Subject: | Encode::MIME::Header and Russian |
It seems that encode("MIME-Header",...) program incorrectly works with
Russian.
I send test message with Novell Evolution mail client.
In a letter subject there was a russian word 'тест' (test).

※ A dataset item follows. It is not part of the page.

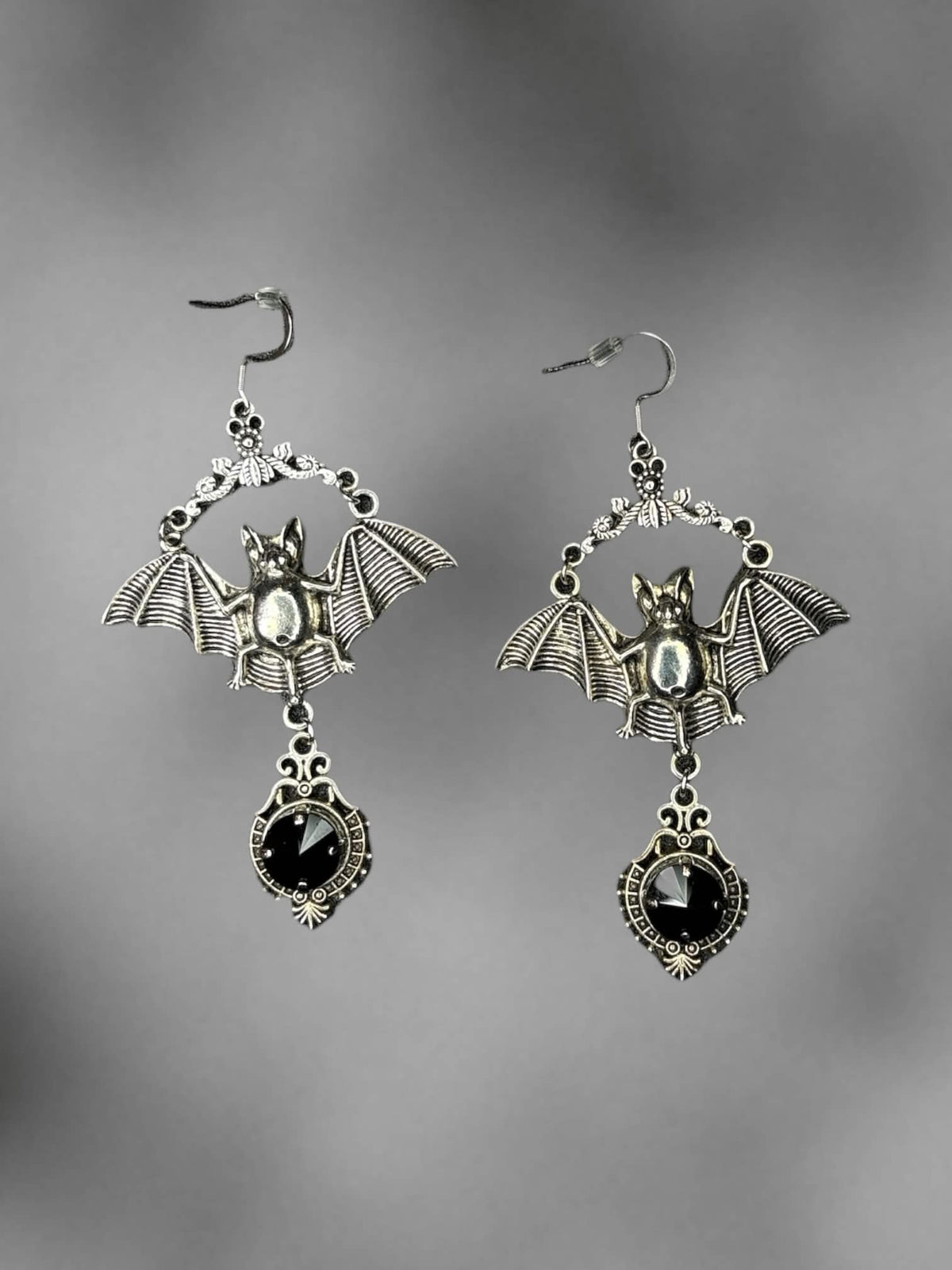Silver bat earrings with black stone charm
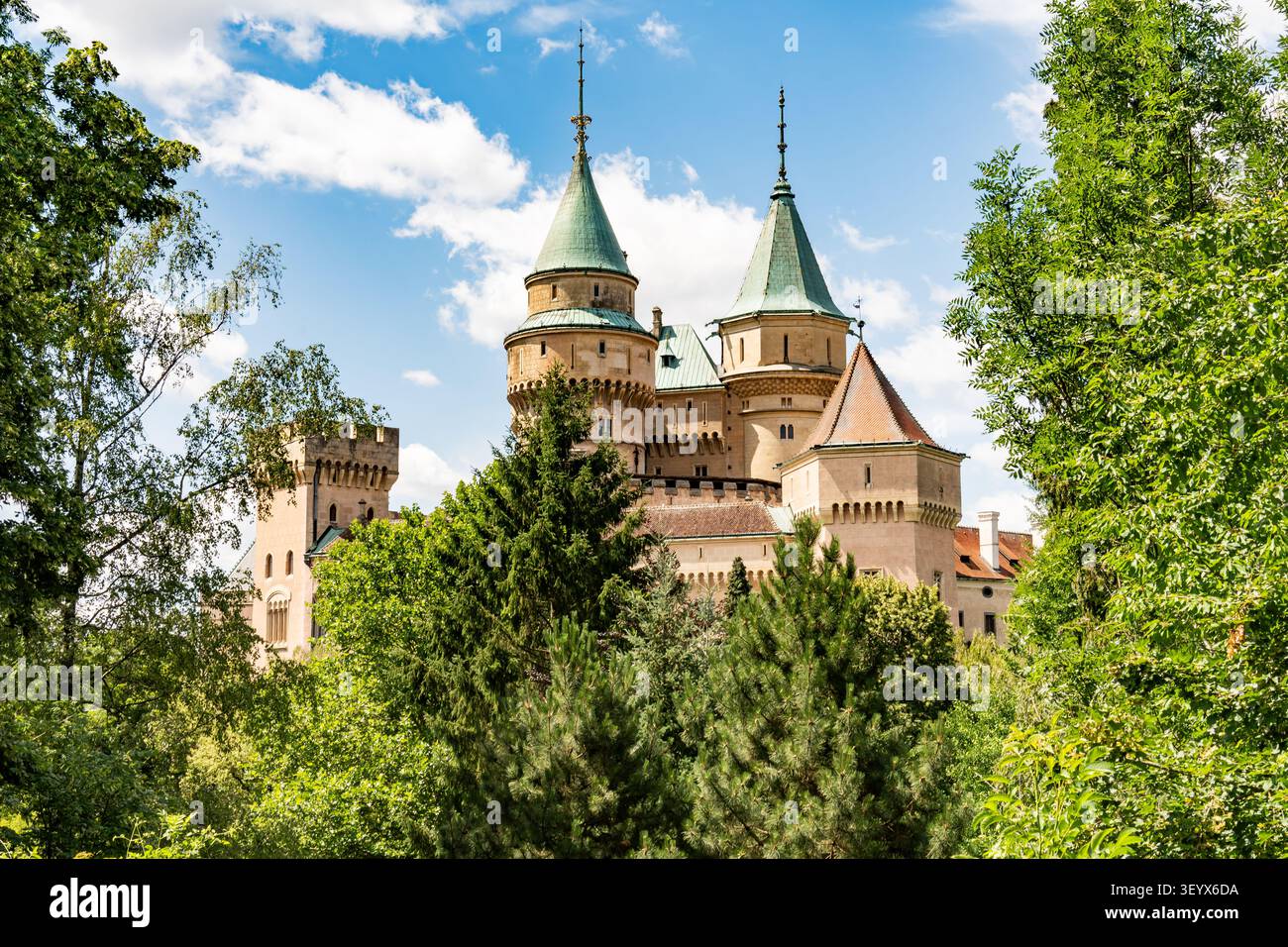 Le torri del castello di Bojnice si innalzano sopra le verdi cime degli alberi estive sotto un cielo blu, in Slovacchia Foto Stock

Evolution convert it to this:
Subject: =?UTF-8?Q?=D1=82=D0=B5=D1=81=D1=82?=
Then I use custom program (sub rfc2047conv, source attached), and get
the same good result:
=?UTF-8?Q?=D1=82=D0=B5=D1=81=D1=82?=
But if i use Encode::MIME::Header
encode("MIME-Header", 'тест')
the results looks different, and subject header show wrong in evolution
mail client.
Also I tried 'MIME-B' and 'MIME-Q' options , but without success:
orig_str=тест
encode with 'MIME-Header' =?UTF-8?B?w5HCgsOQwrXDkcKBw5HCgg==?=
encode with 'MIME-B' =?UTF-8?B?w5HCgsOQwrXDkcKBw5HCgg==?=
encode with 'MIME-Q'
=?UTF-?Q?=C3=91=C2=82=C3=90=C2=B5=C3=91=C2=81=C3=91=C2=82?=
encode with 'rfc2047conv' =?UTF-8?Q?=D1=82=D0=B5=D1=81=D1=82?=
Somebody knows, where an error ?
My OS is
# cat /etc/fedora-release
Fedora release 9 (Sulphur)
# rpm -qf
/usr/lib/perl5/5.10.0/i386-linux-thread-multi/Encode/MIME/Header.pm
perl-5.10.0-40.fc9.i386
# grep -i version
/usr/lib/perl5/5.10.0/i386-linux-thread-multi/Encode/MIME/Header.pm
our $VERSION = do { my @r = ( q$Revision: 2.5 $ =~ /\d+/g ); sprintf
"%d." . "%02d" x $#r, @r };
# locale
LANG=en_US.UTF-8
LC_CTYPE="en_US.UTF-8"
LC_NUMERIC="en_US.UTF-8"
LC_TIME="en_US.UTF-8"
LC_COLLATE="en_US.UTF-8"
LC_MONETARY="en_US.UTF-8"
LC_MESSAGES="en_US.UTF-8"
LC_PAPER="en_US.UTF-8"
LC_NAME="en_US.UTF-8"
LC_ADDRESS="en_US.UTF-8"
LC_TELEPHONE="en_US.UTF-8"
LC_MEASUREMENT="en_US.UTF-8"
LC_IDENTIFICATION="en_US.UTF-8"
LC_ALL=
I use this script for tests:
#!/usr/bin/perl -w
use Encode qw(encode decode);
my $orig_str = 'тест';
print "orig_str=$orig_str\n";
my $res = encode("MIME-Header", $orig_str);
print "encode with MIME-Header $res \n";
$res = encode("MIME-B", $orig_str);
print "encode with MIME-B $res \n";
$res = encode("MIME-Q", $orig_str);
print "encode with MIME-Q $res \n";
$res = rfc2047conv($orig_str, 'UTF-8');
print "encode with rfc2047conv $res \n";
# rfc2047conv (string, charset, prefix size);
sub rfc2047conv{
my $str = shift;
my $charset = uc(shift);
my $init_len = shift || 0;
my $len = length($str);
return '' unless($len);
my $begin = "=?$charset?Q?";
my $res = $begin;
my $count = $init_len + length($begin);
foreach my $c (split(//, $str)) {
my ($repl, $repl_len);
if($c eq '?' || $c eq '_' || $c eq '=' || $c lt ' ' || $c gt '~') {
$repl = sprintf("=%X", ord($c));
$repl_len = 3;
} elsif($c eq ' ') {
$repl = '_';
$repl_len = 1;
} else {
$repl = $c;
$repl_len = 1;
}
if($count + $repl_len > 72) {
$res .= "?=\r\n " . $begin;
$count = 1 + length($begin);
}
$res .= $repl;
$count += $repl_len;
}
$res .= '?=';
return $res;
}